Choice of Intrapartum/Postpartum Antiretroviral Regimen for Women without Antepartum Antiretroviral Therapy
All HIV-infected women who have not received antepartum ARV drugs should have IV zidovudine started immediately to prevent perinatal transmission of HIV. Although intrapartum/neonatal ARV medications will not prevent perinatal transmission that occurs before labor, most transmission occurs near to or during labor and delivery. Pre-exposure prophylaxis for the fetus can be provided by giving mothers a drug that rapidly crosses the placenta, producing fetal systemic ARV drug levels during intensive exposure to HIV in maternal genital secretions and in blood during birth. In general, zidovudine and other nucleoside reverse transcriptase inhibitor drugs and non-nucleoside reverse transcriptase inhibitors cross the placenta well, whereas protease inhibitors do not (see Table 7).

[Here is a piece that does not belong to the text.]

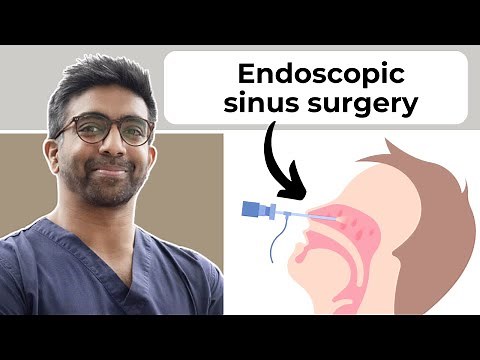 Nasal surgeon explains: What is endoscopic sinus surgery?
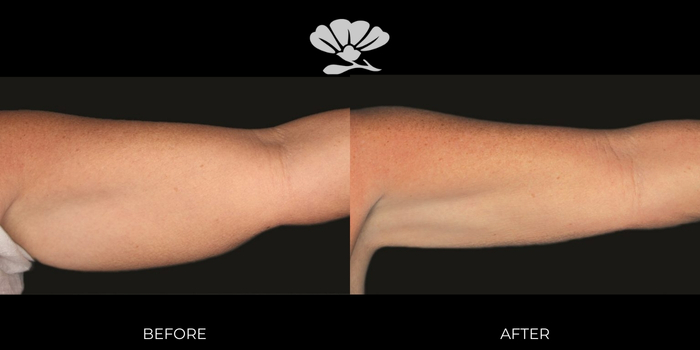 Coolsculpting Fat Freezing Arms Perth Before and After Results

A large international trial (NICHD-HPTN 040/PACTG 1043) demonstrated that adding ARV agents to the neonatal portion of the intrapartum/neonatal zidovudine regimen can further reduce perinatal transmission of HIV for mothers who have received no antepartum ARV drugs (see Infant Antiretroviral Prophylaxis). In this study, women who had not received antepartum ARV drugs received IV zidovudine if they were identified in labor or no zidovudine when diagnosed immediately postpartum; their infants received either 6 weeks of zidovudine alone or zidovudine in combination with other agents. The combination infant regimens resulted in a 50% reduction in transmission compared with zidovudine alone.9 Therefore, based on the efficacy of the neonatal regimen and no benefit seen with the addition of maternal single-dose nevirapine to a regimen of maternal short-course zidovudine and infant single-dose nevirapine in the Mashi trial, no additional intrapartum drugs, including intrapartum maternal single-dose nevirapine, are recommended for a woman in this situation.10 Women diagnosed with HIV infection during labor or the early postpartum period should be counseled against breastfeeding in the United States, where replacement feeding is affordable, feasible, acceptable, sustainable, and safe.